Iraqi Minister Scolds U.N. for Inaction Regarding Hussein
UNITED NATIONS, Dec. 16 — Iraq’s foreign minister, Hoshyar Zebari, accused the United Nations Security Council today of having failed to help rescue his country from Saddam Hussein, and he chided member states for bickering over his beleaguered country’s future.

So says the NY Times. Got to applaud the Times this time, as apparently the BBC decided to spike the whole scolding thing. The Times continues,

“Now is not the time to pin blame and point fingers,” [UN Secretary General Kofi Annan] told reporters. Saying that Mr. Zebari was “obviously entitled to his opinion,” Mr. Annan said that the United Nations had done as much for Iraq as it could under the circumstances and was prepared to do more.

Which, as Instapundit noted, translates to, “Now is not the time to pin blame and point fingers at me.”

If you want to do the free registration thing with the Times, you can read the whole thing. Very much worth your time. For those who don’t, here’s what the Iraqi foreign minister said.

“Settling scores with the United States-led coalition should not be at the cost of helping to bring stability to the Iraqi people,” Mr. Zebari said in language unusually scolding for an occupant of the guest seat at the end of the curving Security Council table.

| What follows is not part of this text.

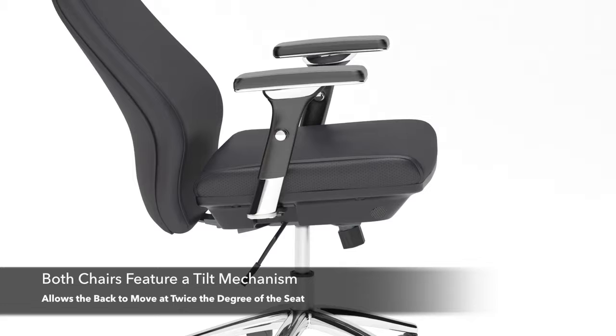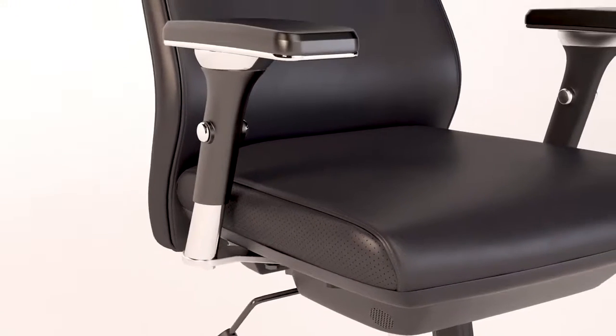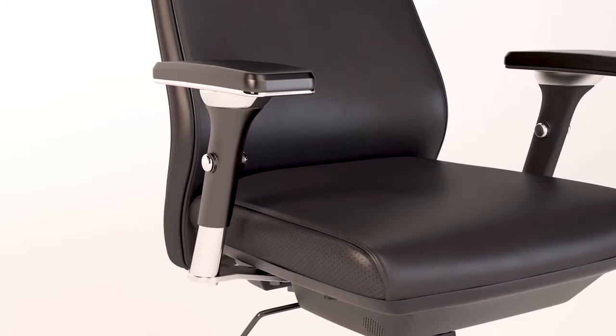Both chairs feature a tilt mechanism that allows the back to move at twice the degree of the seat for a smooth, carefree recline. Four-way adjustable armrests can be set to the proper height, width, and depth.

“Squabbling over political differences takes a back seat to the daily struggle for security, jobs, basic freedoms and all the rights the U.N. is chartered to uphold,” he said.

Taking a harsh view of the inability of quarreling members of the Security Council to endorse military action in Iraq, Mr. Zebari said, “One year ago, the Security Council was divided between those who wanted to appease Saddam Hussein and those who wanted to hold him accountable.

“The United Nations as an organization failed to help rescue the Iraqi people from a murderous tyranny that lasted over 35 years, and today we are unearthing thousands of victims in horrifying testament to that failure.”

He declared, “The U.N. must not fail the Iraqi people again.”

It was not immediately clear how the accusatory tone of Mr. Zebari’s speech affected the closed-door discussion over the United Nations’ role in Iraq that followed, but Secretary General Kofi Annan, the first to emerge from the hall, appeared taken aback.

He’s used to accepting groveling and platitudes, not the truth.